Old graveyards have a peaceful dignity and grace. Long removed from recent grief and sadness, they stand worn with lichen and time, bearing long lost loved one’s names, wife of so and so, son of such and such. Old names too, that have so long gone out of fashion that they seem to be from another word. It was another world. These cemeteries tell stories of a community, of tenderness and love, of sorrow and faith, of life and death.
I was intrigued by the stones in the Blomidon Cemetery in the Annapolis Valley of Nova Scotia which I visited while clamming on the nearby beach. My friend Christy Ann and I snuck away to read the stones (this wasn’t the first time we’ve hung out in an old graveyard).
Often a family history is laid out before your eyes to puzzle out.
Here Mayhew L. Newcomb was buried alongside his wife Phebe L. and his mother Mary.
And here Issac Beach was sadly joined by (in all likelihood) his grandchildren several years later.
There is a wealth of symbolism to the imagery carved into the old marble slabs. The children of Elisha and Eliza J. Beach, Wilford L. and Mira J., were only toddlers when passed away in November 24, 1875 and January 19, 1876. Only three years, 3 three months old and one year, one month old. Broken rosebuds were used for their gravestone, symbolizing two lives cut short before they had a chance to bloom.
On another stone a broken ring of chain symbolized that the family circle was severed.
A finger pointing to an open book, referring to one who was a scholar, is carved into Hannah Lyon’s stone of 1873.

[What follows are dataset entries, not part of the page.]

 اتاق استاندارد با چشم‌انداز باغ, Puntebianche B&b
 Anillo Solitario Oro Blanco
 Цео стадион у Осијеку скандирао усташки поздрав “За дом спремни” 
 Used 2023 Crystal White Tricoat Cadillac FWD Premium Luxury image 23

This weeping willow, representing earthly sorrow, was carved into Phoebe Rans Loomer’s in 1875.
Sophronia is a beautiful name I’ve never come across before but appears to have been the name of a flower and though uncommon, was given to girls in the 1850s through to the 1880s.

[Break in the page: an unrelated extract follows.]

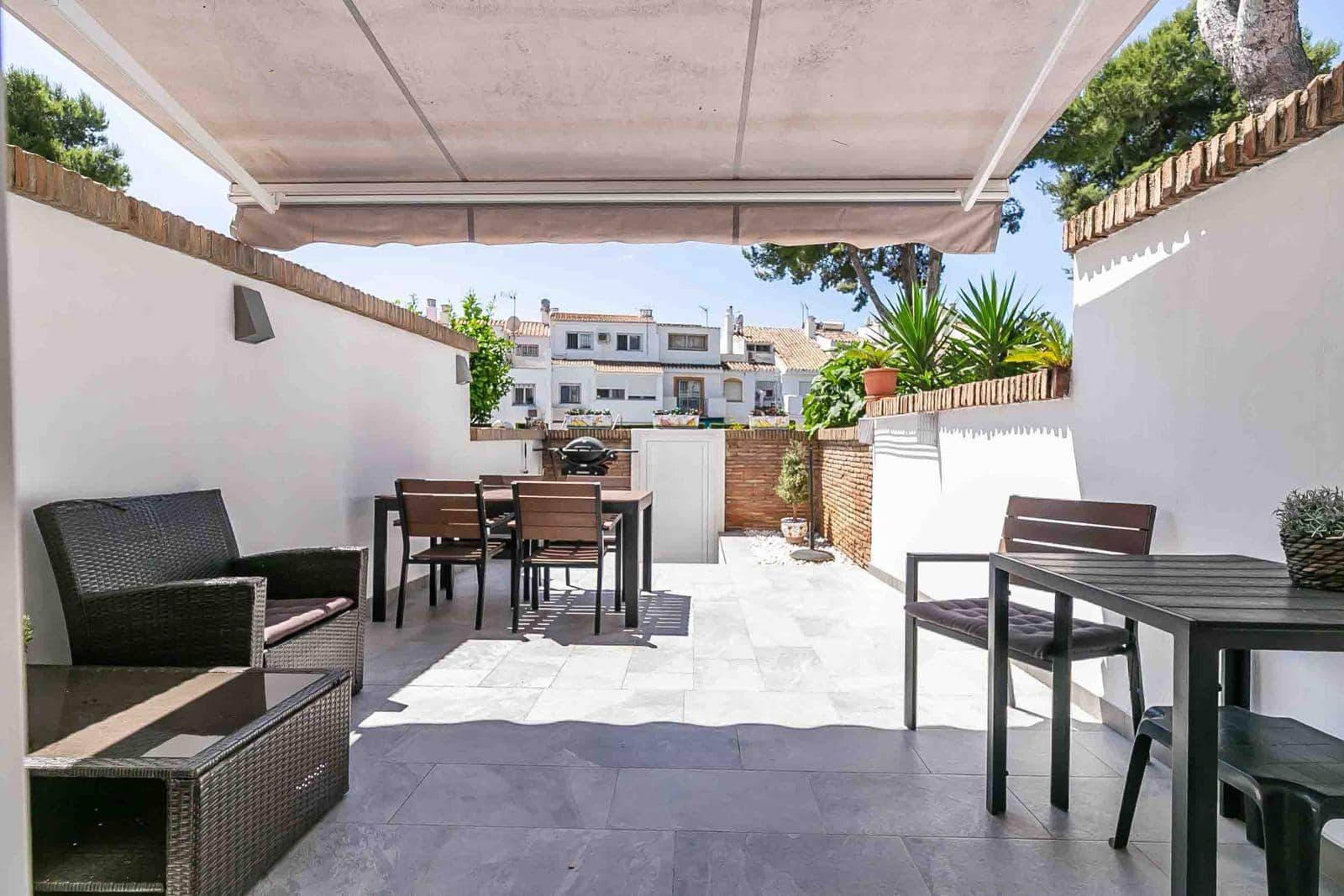 Adosado de 2 habitaciones en El Coto en venta con piscina - 365.000 € (Ref: 9873699)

I had to see what sophronia looks like and found this lovely image from The Botanical Register vol. 13 pl. 1071 by designer (and botanist) John Lindle and engraver J. Watts. (1827) on the web. (http://www.botanicus.org/page/133102) It’s an orchid, soprhonitus that also goes by the more common name of cattelya. How lovely to be named after a recently discovered orchid. In Victorian times this would have symbolized refined beauty.

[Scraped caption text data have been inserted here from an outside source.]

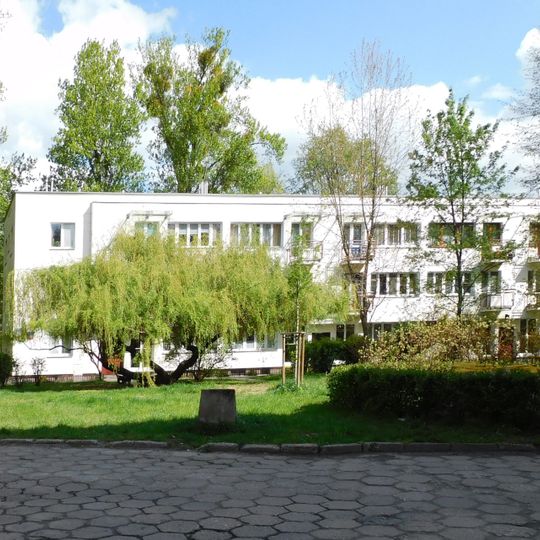 Blok przy ulicy Sitnika 2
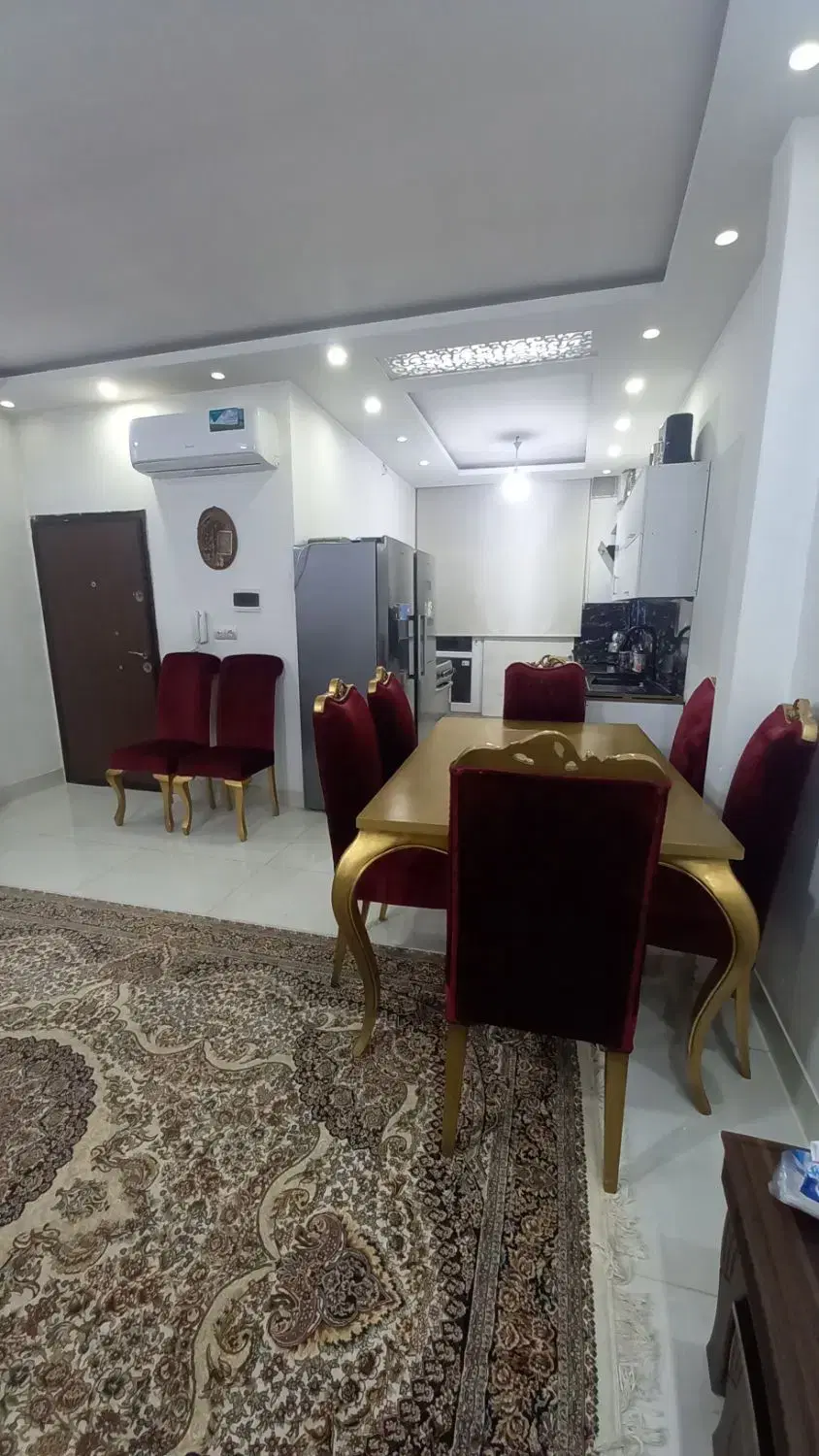 آپارتمان نوساز ۹۰ متری همه چی تکمیل
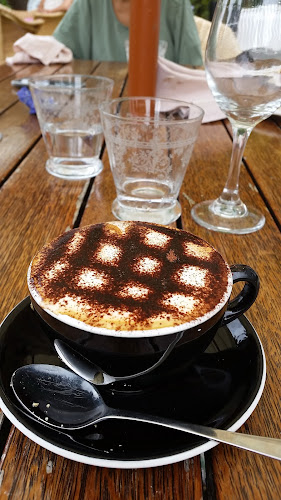 Melrose House Cafe - Hospitality and gastronomy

Adorned only with lichen, this little concrete marker is the headstone for some unknown occupant.
Blomidon Cemetery is dreamy in the early evening light where elaborately engraved marble stones stand out among the small concrete markers covered in golden lichen and modern ones of sleek black granite.
Many of the old graveyards in Nova Scotia come with a view, in this case, you can catch glimpses of the Minas Basin between the birches and watch that blue water coming and going over the red Blomidon mud.
I’m sure the sight was panoramic the late 1800s before all the trees grew up. It must have been of some comfort to the families to have their dearly departed laid to rest in a place of such serene beauty.